Logo, as leituras passam a ser outras: contos de fada, histórias fantásticas e até gibis. Cultiva na filha a criatividade e o amor por livros, coisas que nunca lhe ensinaram na infância.
Ela vê a filha começar a ler e percebe que ela repara até nas informações nutricionais de um saco de feijão. Além disso, a mãe não reclama quando encontra inúmeros papeis espalhados pela casa, nos quais a menina treina seu nome: L-A-U-R-A.
A mãe começa a comprar livros com ilustrações, gibis da turma da Mônica, que a garota devora.
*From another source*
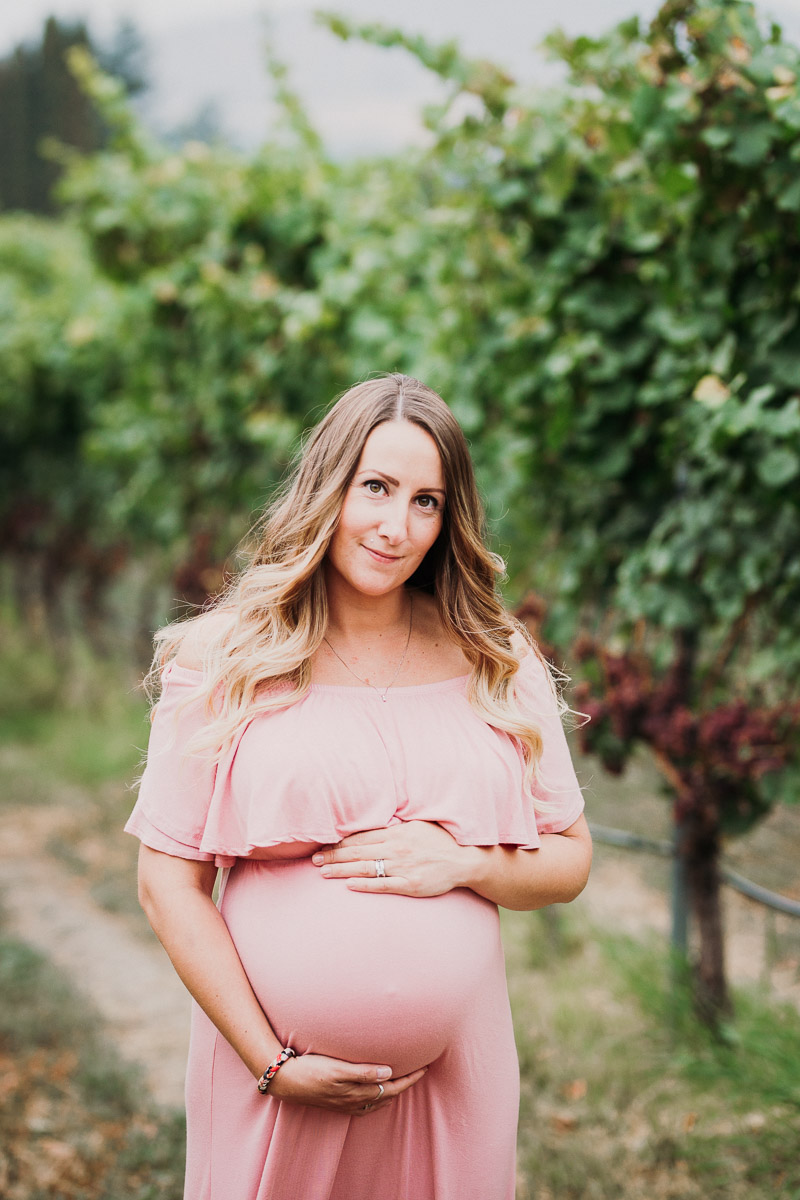 Maternity session at Off the Grid Winery in Kelowna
Também observa as longas leituras que ela faz junto com a dentista que lhe apresentou os livros do Ursinho Pooh, que vive aventuras mágicas com Tigrão, Leitão e Ió – seus personagens favoritos.
No ápice da era Orkut, rede social mais popular no Brasil dos anos 2000, a mãe satisfaz-se ao ver a filha começar a escrever fanfics – também chamadas de webnovelas à época – e a conquistar um pequeno número de leitores.
Porém, como as modas são voláteis, o Orkut acaba e a garota perde os seus leitores. Na fase Facebook, na qual “quase ninguém está interessado em ler textões”, ela abandona o mundo da escrita e da leitura.
A mulher, que voltou a não dormir à noite, observa a filha se envolver em um mundo louco, cheio de amigos falsos e noitadas – todos os dias da semana.
Um ano antes da democracia brasileira começar a ser desmontada com o impeachment da presidenta Dilma, a filha inicia o curso de Comunicação Organizacional na Universidade de Brasília, enchendo-a ainda mais de orgulho. Dois anos depois, a reviravolta: a garota quer ser escritora.
A mãe pesquisa cursos de pós-graduação em escrita, incentivando-a a não abandonar a faculdade. Empresta a ela muitos de seus livros. O repertório da garota não é mais formado apenas de best-sellers, mas também de autores clássicos: Marcel Proust, Jane Austen, Herman Melville.
Acompanha o começo do blog Provável Escritora, a filha retornando ao passatempo de escrever fanfics enquanto busca a formatura.
Agora formada, a filha diz ser desempregada, mas a mãe não acredita nisto. Ela aposta em seus sonhos e crê que sua profissão, neste momento, é ser escritora em tempo integral.